Aim of the exercise: Further down are entries; set down exactly and only the lines from the one with "Wide gravel driveway" up to and including the one with "A plate is full", dropping each picture.

Records shown:
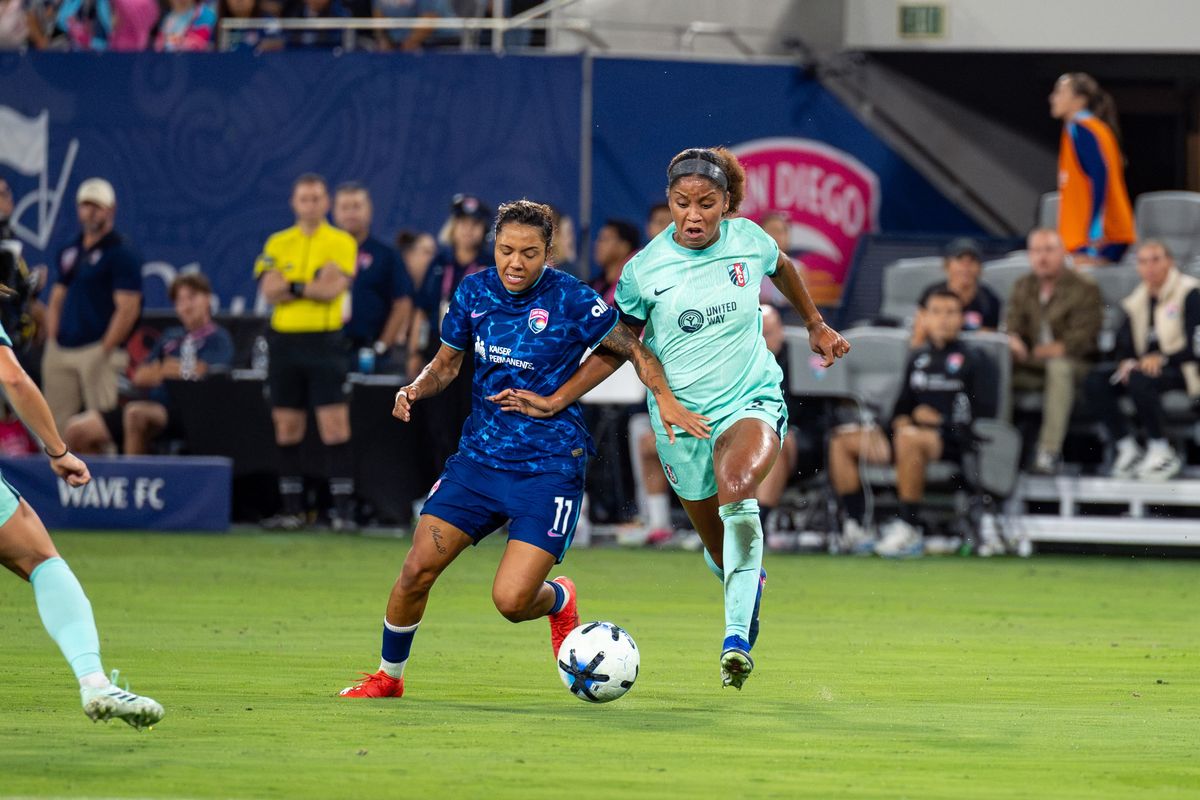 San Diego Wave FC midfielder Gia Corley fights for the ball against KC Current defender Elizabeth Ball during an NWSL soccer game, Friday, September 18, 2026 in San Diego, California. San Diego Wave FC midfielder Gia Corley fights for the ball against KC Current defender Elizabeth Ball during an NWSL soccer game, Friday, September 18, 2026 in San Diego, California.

* * *

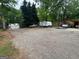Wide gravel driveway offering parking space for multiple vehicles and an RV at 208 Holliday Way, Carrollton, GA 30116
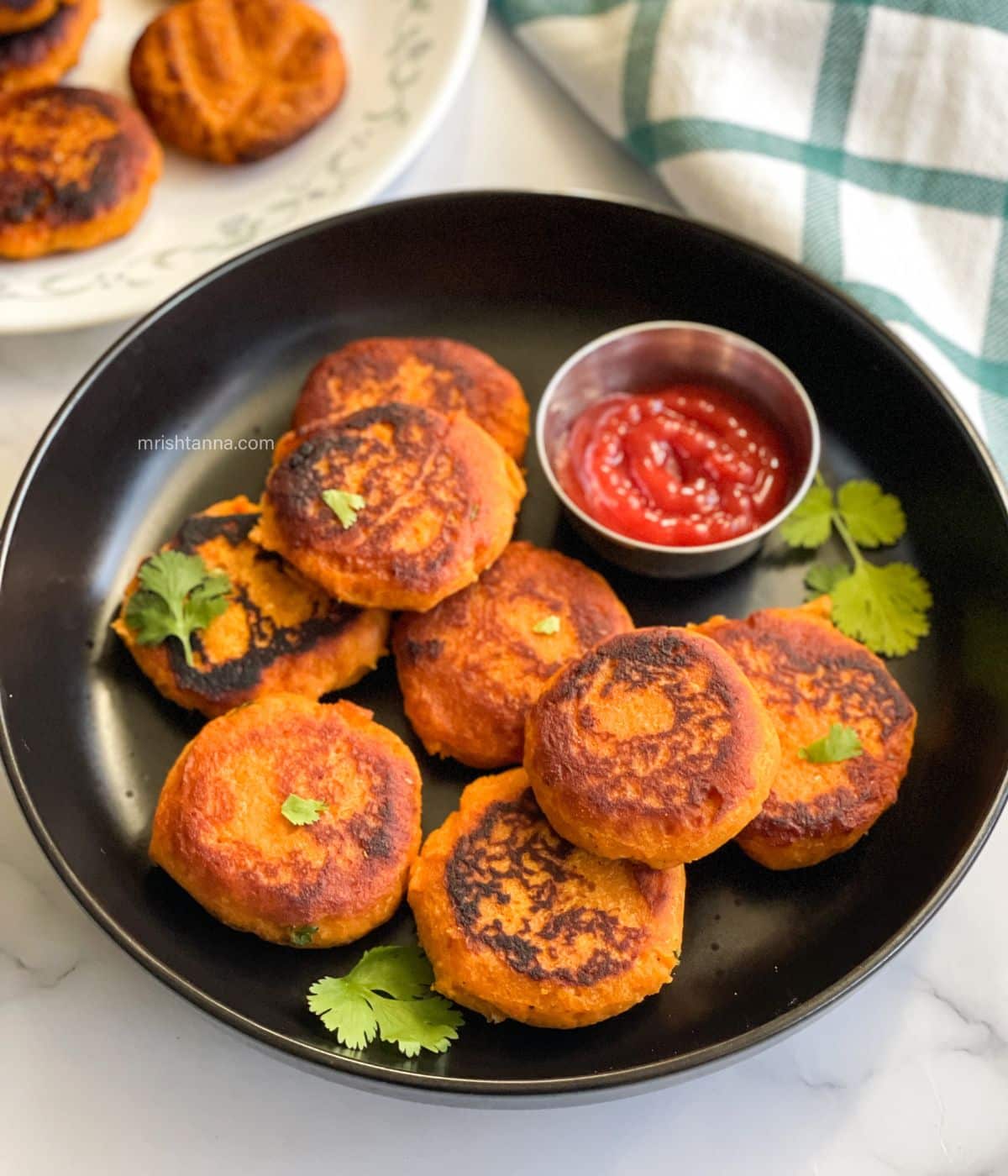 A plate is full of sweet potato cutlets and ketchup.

Output of the task:
Wide gravel driveway offering parking space for multiple vehicles and an RV at 208 Holliday Way, Carrollton, GA 30116
 A plate is full of sweet potato cutlets and ketchup.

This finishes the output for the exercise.